Overview
A radian is defined as the angle subtended at the center of a circle when the arc length equals the radius. This definition leads directly to the arc length formula L = rθ (θ in radians), which is more elegant than the degree-based equivalent. The SAT reference sheet states that a full circle contains 2π radians, confirming that radians appear on the digital SAT. Students must be able to convert between degrees and radians, apply both forms of the arc length and sector area formulas, and interpret angular and linear velocity in radian-based contexts.
Key Points
1. The Definition of a Radian
θ (radians) = arc length / radius = L / r
When arc length equals the radius, the angle is exactly 1 radian. Since the full circumference is 2πr, a full revolution = 2πr/r = 2π radians.
Full circle: 2π radians = 360°
Half circle: π radians = 180°
2. Degree ↔ Radian Conversion
Degrees → Radians: multiply by π/180
Radians → Degrees: multiply by 180/π
Common radian values to memorize:
| Degrees | Radians |
|---|---|
| 30° | π/6 |
| 45° | π/4 |
| 60° | π/3 |
| 90° | π/2 |
| 120° | 2π/3 |
| 180° | π |
| 270° | 3π/2 |
| 360° | 2π |
3. Arc Length Formulas
Both forms are equivalent and produce the same result when the angle is correctly expressed.
Degree form: L = (θ/360°) × 2πr
Radian form: L = rθ ← θ must be in radians
The radian form follows directly from the definition: L = r × (L/r) = rθ.
Example: r = 5, θ = π/3 radians.
L = 5 × π/3 = 5π/3
Same problem in degree form (θ = 60°):
L = (60/360) × 2π(5) = (1/6) × 10π = 5π/3 ✓
4. Sector Area Formulas
A sector is the “pie slice” region bounded by two radii and an arc.
Degree form: A = (θ/360°) × πr²
Radian form: A = ½r²θ ← θ must be in radians
Example: r = 6, θ = π/4 radians.
A = ½ × 36 × π/4 = 9π/2
5. Angular and Linear Velocity
These concepts appear on harder SAT problems involving rotating objects (wheels, gears, circular motion).

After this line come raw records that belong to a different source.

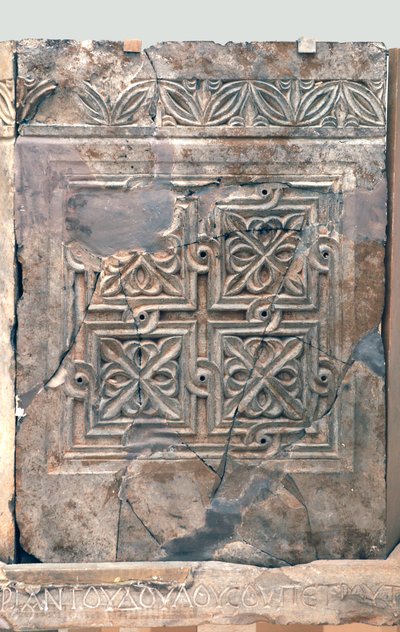 Ambón de la iglesia bizantina de San Teodoro, Beit Sila, Jerusalén, siglo VI d.C. de Byzantine Byzantine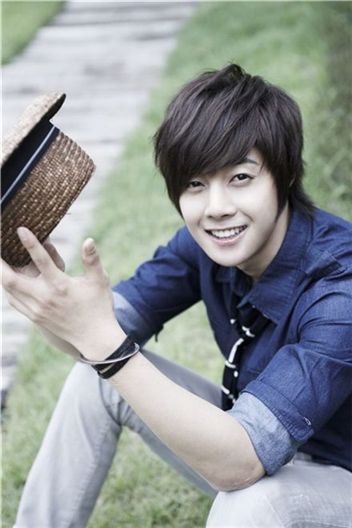 Korean singer and actor Kim Hyun-joong [KEYEAST]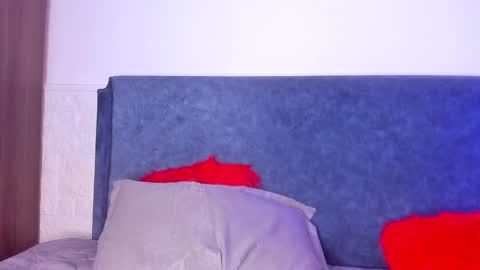 OLIVIA online show from 12/19/24, 01:07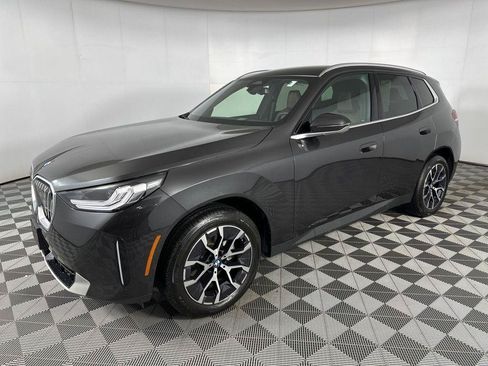 Used 2025 BMW X3 xDrive30i w/ Convenience Package AWD/4WD image 6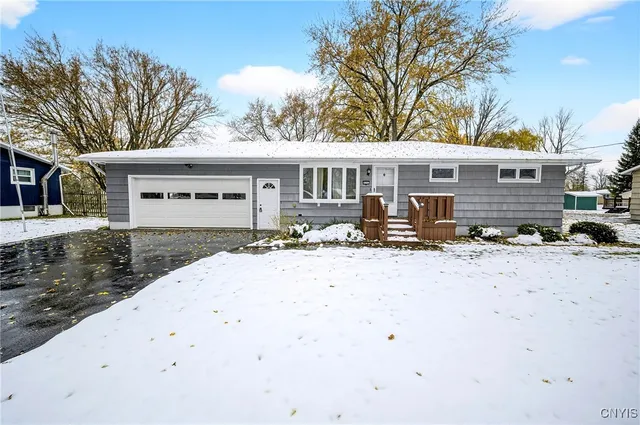 $249,900 | 8541 Belnor Drive, Cicero, NY 13039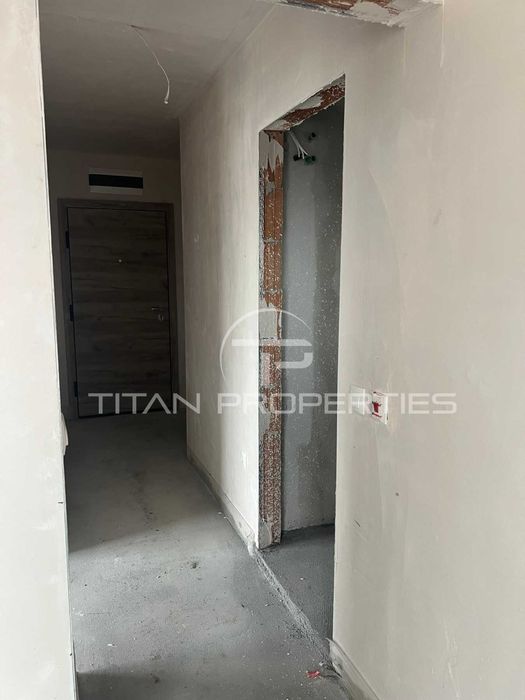 Продава се Тристаен апартамент в Пловдив, Кършияка - 121 кв.м за 1288 €/кв.м - Снимка #4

Angular velocity: ω = θ / t (radians per unit time)
Linear velocity: v = rω (distance per unit time along the circle)
Relationship: v = rω connects the speed of a point on the rim (linear) to the rotation rate of the whole object (angular).
Example: A wheel of radius 3 m rotates at ω = 2 rad/s. The linear speed of a point on the rim:
v = 3 × 2 = 6 m/s
6. Connecting Arc Length, Sector Area, and Circle Fractions
All three arc and sector formulas use the same underlying fraction of the full circle:
Fraction = θ/2π (radians) = θ/360° (degrees)
Arc length = fraction × 2πr
Sector area = fraction × πr²
This unified view means you only need to remember one concept (fraction of circle) rather than two separate formulas.
Pitfalls and Common Mistakes
Pitfall 1: Using a degree value directly in the radian formula L = rθ requires θ in radians. Plugging in θ = 60 (degrees) instead of π/3 (radians) gives L = 60r, which is massively wrong. This is the single most common radian error. Fix: Before using L = rθ or A = ½r²θ, confirm the angle is expressed in radians. If given in degrees, convert first: multiply by π/180.
Pitfall 2: Using diameter instead of radius L = rθ and A = ½r²θ use the radius. If the problem gives a diameter, students who plug in d get an answer that is 2× (or 4×) too large. Fix: Whenever a circle problem gives a size measurement, label it: is it radius or diameter? If diameter, write r = d/2 before continuing.
Pitfall 3: Calculator set to degrees mode when computing radian-based trig values On problems that combine radian measure with trig functions (e.g., sin(π/6)), the calculator must be in radian mode. Fix: Check calculator mode before every computation involving radians. A quick test: sin(π/6) should equal 0.5 in radian mode.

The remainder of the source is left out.